I'm sorry, but I don't understand what you mean by your text:  "and allowed for some "deviations" of attribute levels, to avoid more prohibitions. Normally I would have needed 10 prohibitions but due to the permitted deviations of attribute levels to a certain degree, I could decrease the number to two prohibitions."
Thank you! To summarize it: The 10% of the participants with the lowest RLH (RLH<0.5752), who additionally required a total time of less than 2min, were eliminated (seven respondents). By excluding the unreliable participants, and the seven participants, I achieved a Pct-Certainty of 0.568 and a RLH of 0.741. All the standard errors are slightly below 0.5, I might have made a mistake earlier.
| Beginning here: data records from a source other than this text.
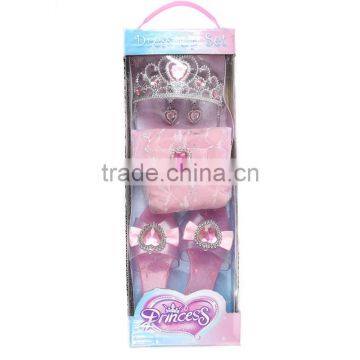 New Design Crown Set With Ring Wholesales Plastic Tiara Sets Rose Heart Crown photo-5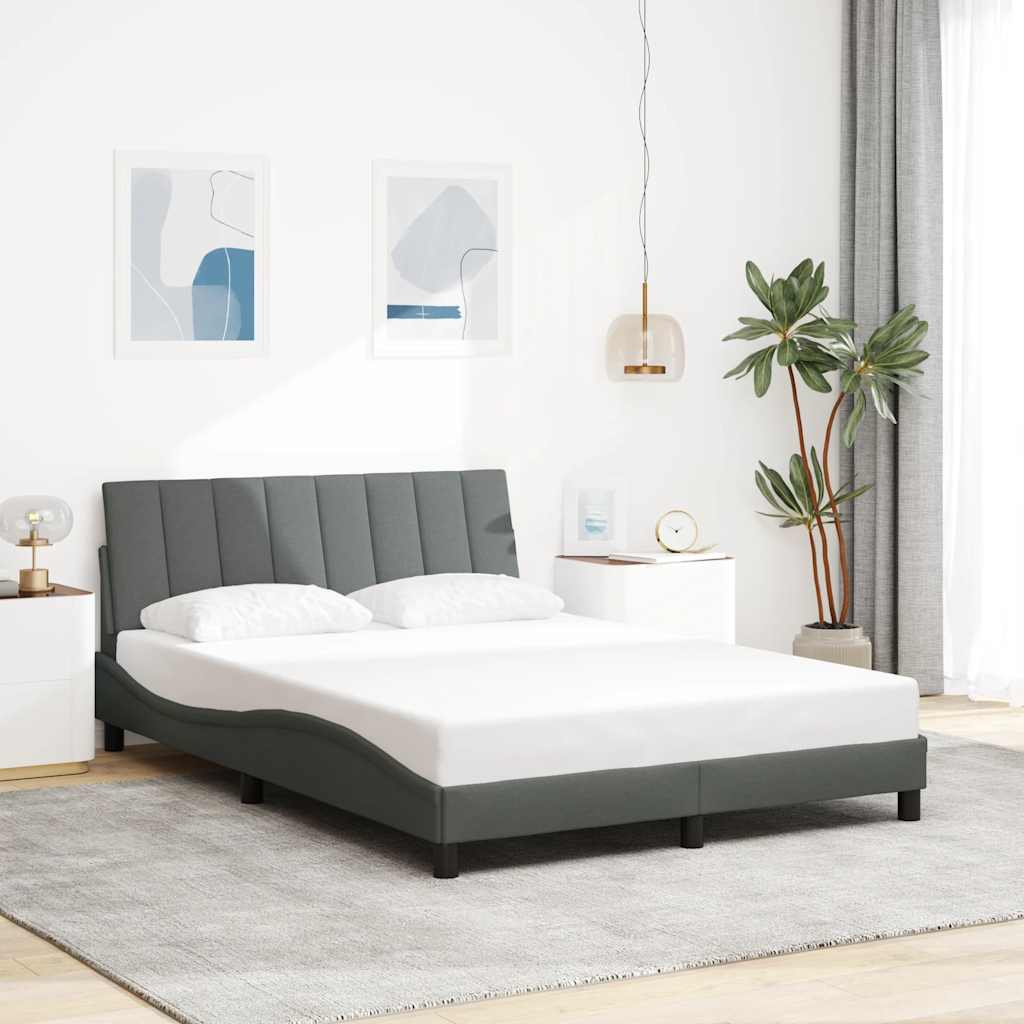 Bed Frame without Mattress "Hanko" Dark Grey 140x190 cm Fabric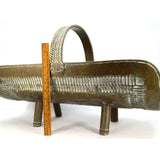 Antique REPOUSSE COPPER LOG RACK Hand-Painted NEWSPAPER/MAGAZINE HOLDER Patina!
Now I have a trade-off: For alle completed participants including the unreliable, I have good standard errors (around 0.038) but less good model fit (Pct-Certainty 0.487, RLH 0.701). By including only reliable participants I have standard errors of around 0.4 and better model fit (Pct-Certainty 0.528, RLH 0.721). By eliminating the unreliable respondents and the additional seven respondents I have standard errors slightly below 0.5 but better model fit (Pct-Certainty 0.568 and RLH 0.741). Do you have an advice which data I should use for estimating part worth values, importances and so on?
I'm confused because at one point you say that you have standard errors from aggregate logit for all completes of 0.038.  But, by deleting a few respondents you now have standard errors of 0.4.  That's just not possible to my experience.  To halve standard errors takes a quadrupling of the sample size.  I'm wondering if you didn't mean to say 0.04 rather than 0.4?
I'm sorry Bryan, I should have read carefully what I typed again. I meant 0.04. Again:

Dataset 1: 153 respondents (complete);  Pct-Certainty 0.487, RLH 0.701; Standard errors of the five attributes: 0.039, 0.038, 0.039, 0.037, 0.042

Dataset 2: 124 respondents (complete & reliable); Pct-Certainty 0.528, RLH 0.721; Standard errors of the five attributes: 0.043, 0.042, 0.044, 0.041, 0.047

Dataset 3: 117 respondents (complete & reliable reduced by seven earlier mentioned respondents); Pct-Certainty 0.568 and RLH 0.741; Standard errors of the five attributes: 0.046, 0.043, 0.046, 0.043, 0.049

Since the goal of HB is not to maximize RLH or Pct-Certainty, and the standard errors are not reduced by eliminating further respondents, I would say that it makes no sense to reduce the number of respondents to 117. Therefore, I planned to base my analysis on Dataset 2. What would you suggest?
OK, there's a big difference between 0.04 and 0.4 when we're discussing standard errors!  Thanks!

Keep in mind: standard errors for aggregate logit will always tend to DECREASE as you add more sample size, even if those additional respondents you're adding are garbage, random respondents.  So, the conclusion shouldn't be that it's better to have 153 respondents with lower aggregate logit standard errors per attribute than a cleaner (at the individual level) set of 117 respondent with higher aggregate logit standard errors.

Some cleaning, to delete speeders or respondents who are barely better than random responders, is usually helpful.  But, how deep to cut and whether you are throwing away baby with bathwater is not always clear.
Sorry, in the post above I accidentally said "increase" when I meant to say DECREASE in the second paragraph above.  I've corrected it in the text above and put it in caps.
Thank you so much, you helped me a lot!